After my return to Delhi he kept in touch with regular phone messages. Before long, he was writing that I should have a profile on Facebook like everyone else, counsel I had resisted successfully from others in the past. He said we could be
friends
there, though I thought we were friends already. Like that, I became a reluctant, but never-to-turn-back social networker. Shahid found me and we were connected. In every SMS and Facebook chat over three years I could count on two questions aside from
how r u
. One was when I was coming back to Kashmir. What I couldn’t figure out was whether it was my company he sought, or business for the boat. We did have three good days together, crisscrossing Nagin Lake in cushioned and canopied shikaras, taking pictures with the flowers in Shalimar Gardens, and walking the mountains above Gulmarg. But his family also needed guests. The wedding took place last year. They were probably broke.

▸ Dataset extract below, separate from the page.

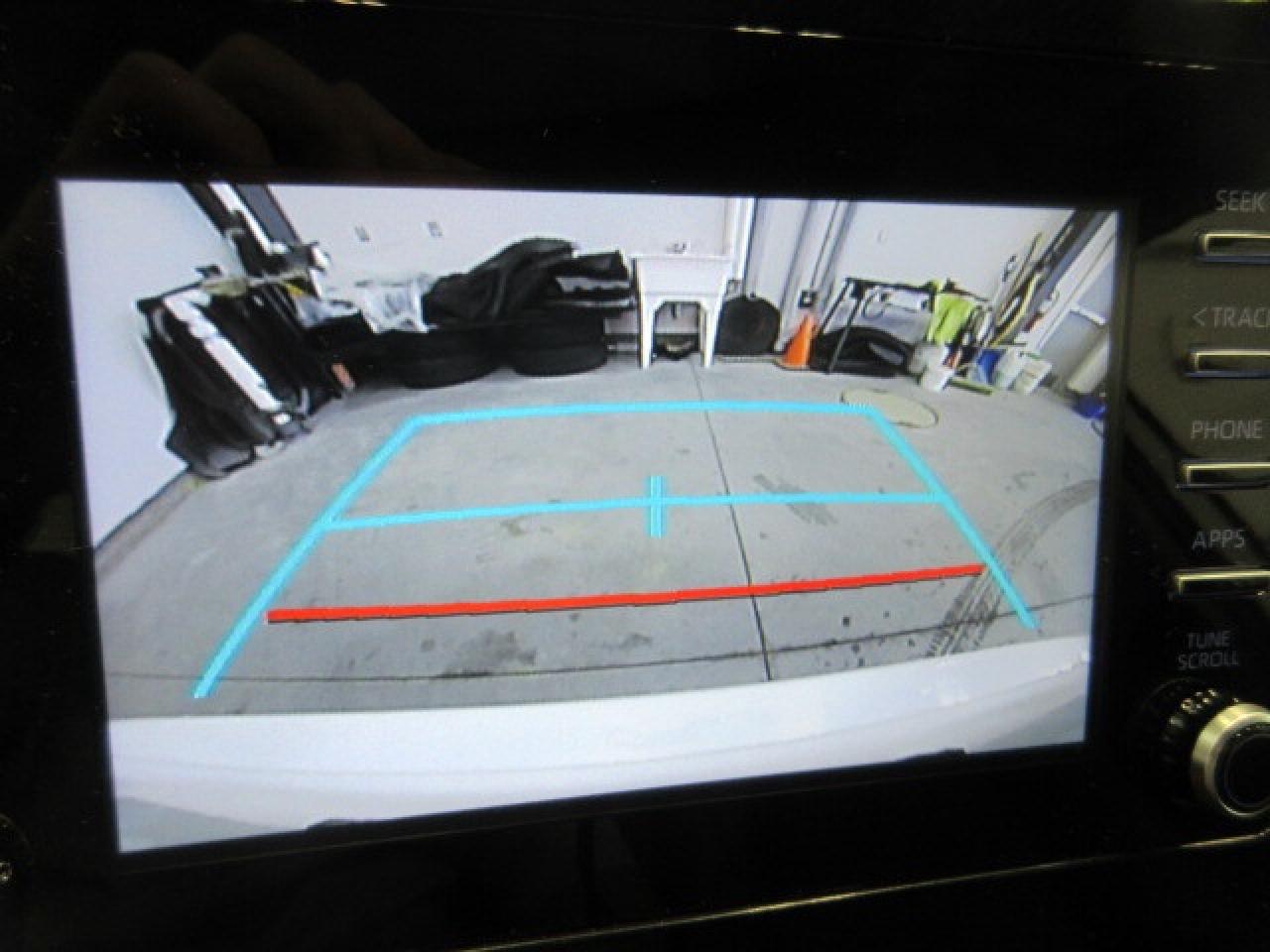 2021 Toyota Camry SE, AUTO, A/C, HTD. SEATS, BT, ALLOYS, 97K! Photo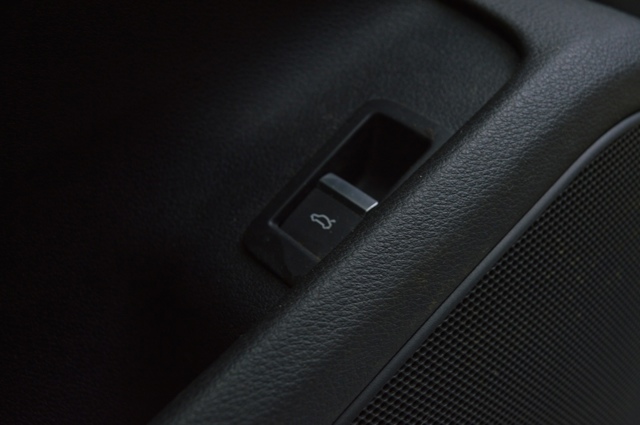 Кнопка відкривання багажника з салона audi a4 b9 4M0-959-831-A-5PR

The other dependable chat question was when I was getting married. I usually answered with a crisp
not
yet
, which wasn’t a lie, but one day the moment arrived when I decided I wasn’t going to be asked that anymore, and I told Shahid that if and when I did get married, it would be to a man. Maybe it was risking a parting of ways, but I was out across the board everywhere else in my life. That I would continue to withhold this basic fact of my existence from someone who was no longer a kid at twenty, and supposedly my friend, stopped making sense to me. I reasoned that he should learn something about the world beyond the lake. So I threw the dice and let the chips fall as they may. His reply, a wish that I have a happy life with whomever I wanted to be with, astonished me because faulty belief in my vast and superior experience had me convinced that I’d already heard it all, and that no surprises were left. I thanked him for the wish.